Every New Year, people all over the world make resolutions. Some are actually successful with their resolutions. Sadly, most throw in the towel with their resolutions long before the new year comes to a close.
Alas, more times than not I find myself in the latter group.
But not this year.
Since I am a brilliant innovator who thinks outside the proverbial cardboard box, I have decided to turn potential failure into success. No matter what happens, one way or another I will be successful when January 1, 2011 rolls around.
How? Why?
Because for 2010, I am going to set completely ridiculous, inexplicable resolutions for myself — resolutions I wouldn’t WANT to meet in a million years. That way, when I “fail” to do them, I’ll be able to say “boy, I’m glad THAT didn’t happen!”

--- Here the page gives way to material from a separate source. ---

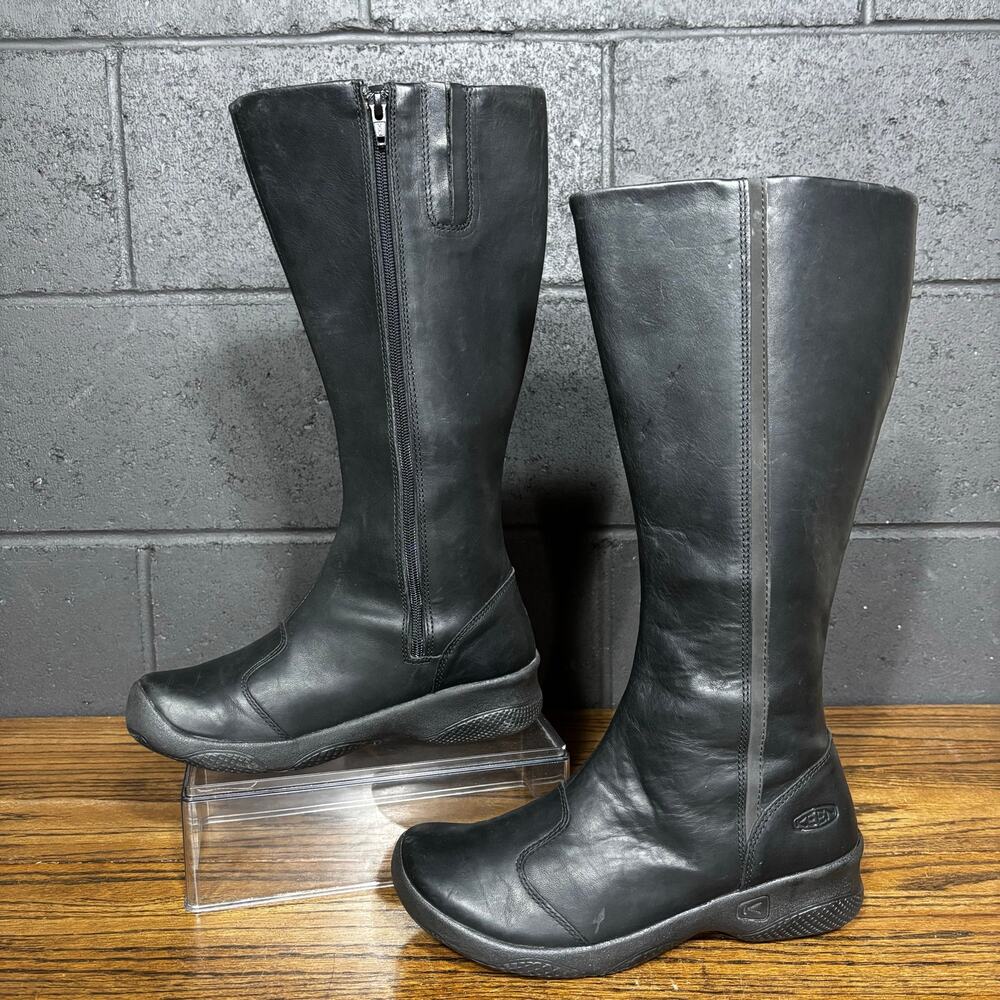 Keen Bern Baby Bern Tall Boots Black Leather Knee High Zip Boots Women’s 8.5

Ready? Too late. I’m doing it anyway.
1Stop being so awesome.
Seriously, isn’t the world getting sick and tired of me being awesome all the time? It has to be. Heck, even I’m getting a little sick of it. Just this morning, as I glanced in the mirror while brushing my teeth, I thought about how sad my toothbrush will be one day when I have to replace it.
“Poor toothbrush. Someday, when it comes time to get a NEW toothbrush, I will have to deprive it the honor of cleaning my teeth. Poor thing. Poor, poor inanimate object.”
Just imagine thinking such thoughts every morning. Now imagine thinking similar thoughts when you put in your contact lenses. Or wash your hair. Or bathe. Or put on a pair of socks. Or put on a cape and fly to work.
It would get old, right? Right. Now you feel my pain. My nagging, awesome pain.
2Stop making women weak in the knees.
I don’t mean to do it. Honest! It just happens. Women see me and their knees begin to buckle. As Adrian Monk would say, “It’s a blessing…and a curse.”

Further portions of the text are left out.